Astrophysicist and cosmologist

Ana Achúcarro Jiménez (born 1962) is a Spanish cosmologist. She is a researcher and professor of particle astrophysics and quantum field theory at the University of Leiden in Leiden, Netherlands. Her research considers the early universe, supergravity, black holes and solitons.
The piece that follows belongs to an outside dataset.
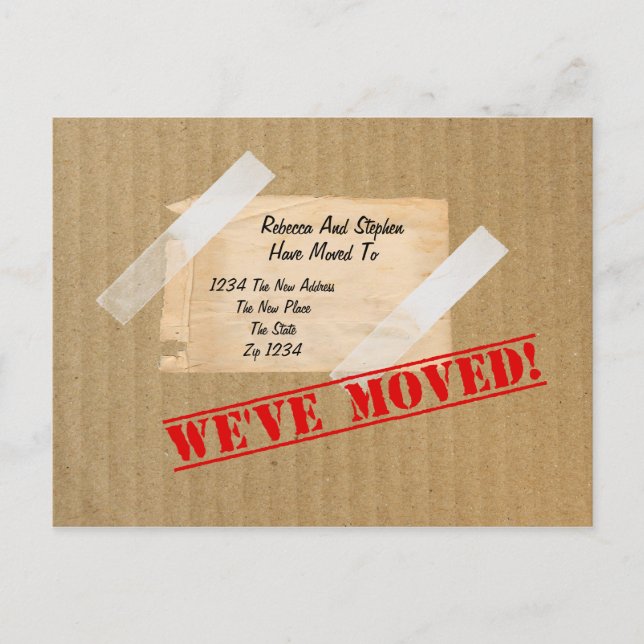 We've Moved New Home CardBoard Box Announcement Postcard (Front)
== Early life and education ==
Achúcarro graduated from the University of the Basque Country in Spain, graduating with a B.A. in physics in 1984. She moved to the United Kingdom for her doctoral studies, completing the Part III of the Mathematical Tripos in 1985. She was awarded the St Catharine's College, Cambridge graduate prize in mathematics. She remained in Cambridge, England for her PhD, working with Paul Townsend and Stephen Hawking. She was awarded the J. T. Knight Prize and a British Council Fleming Scholarship. She completed her PhD in 1988, with a thesis titled Classical Properties of Supersymmetric Extended Objects. Achúcarro remains a member of the Isaac Newton Institute for Mathematical Studies, based in Cambridge.

== Research and career ==
Achúcarro joined Imperial College London as a postdoctoral research associate in 1988. A year later, she was appointed assistant professor at Tufts University in the United States where she worked on cosmic strings. Her research there showed that the presence of global symmetries in gauge theory can result in stringlike defects. Achúcarro's research also concerns string theory and the early universe. She moved to the Netherlands in 2002 to join Leiden University. She was awarded a National Science Foundation ADVANCE lectureship at Case Western Reserve University in 2004.
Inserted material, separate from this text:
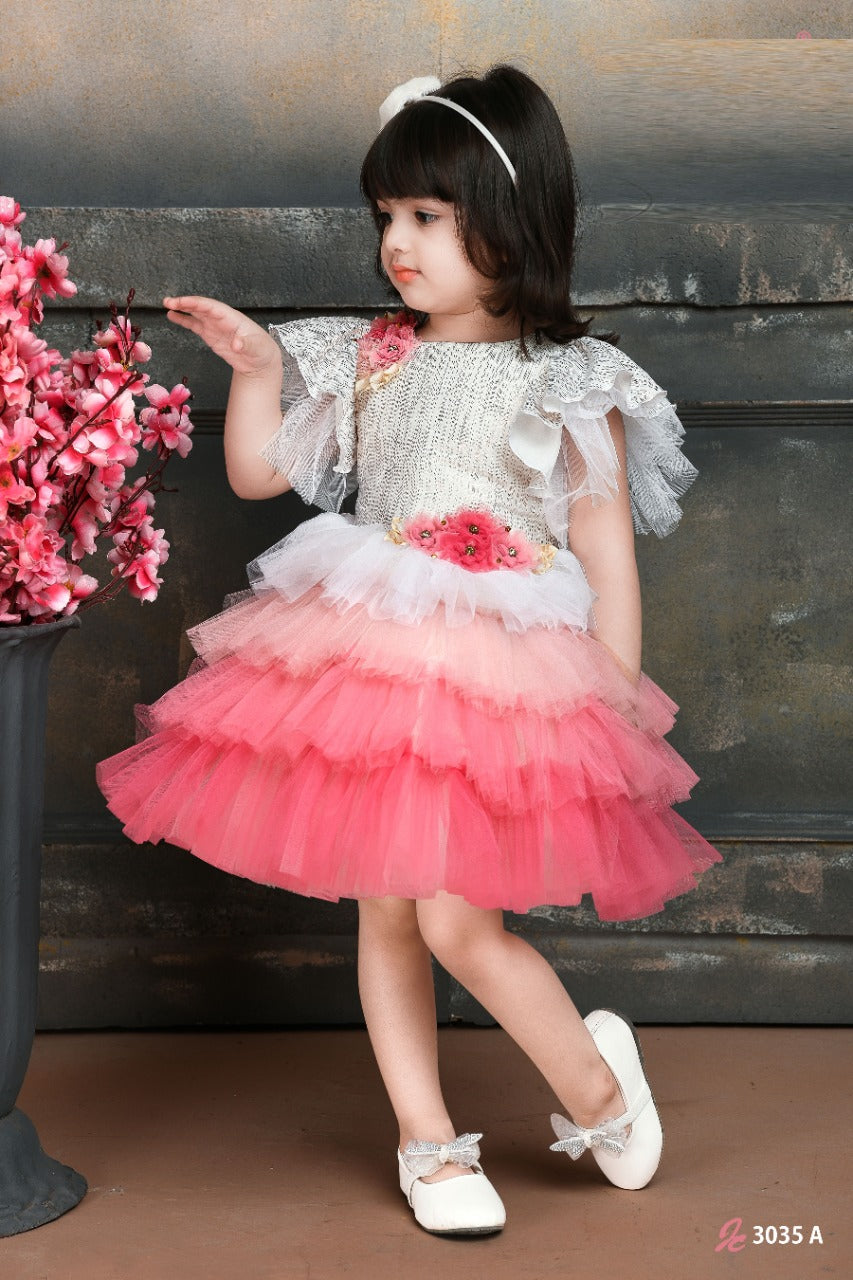 Pink Ombre Ruffle Party Frock with Floral Detailing for Girls - Inayah Fashion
Achúcarro leads the theoretical cosmology group at the University of Leiden, working on astroparticle physics and quantum field theory. She was a pioneer in the application of string theory to cosmology. In 2011 she participated in Science of the Cosmos, an annual lecture series hosted by the BBVA Foundation. The lectures considered the origins of the universe. She was part of the European Cooperation in Science and Technology (COST) public directive on the string theory universe. She also serves on the European Science Foundation's steering committee for Cosmology in the Laboratory.

In 2015, she was awarded a €2.3 million grant from the Netherlands Organisation for Scientific Research (NWO). She was appointed to the Galileo Galilei Institute for Theoretical Physics in 2016. Achúcarro leads the Leiden de Sitter cosmology programme, which trains young scientists in the interdisciplinary area of modern cosmology. She serves on the advisory council of the Spanish National Research Council.

==Awards and honours==
She was elected a Member of the Academia Europaea (MAE) in 2011.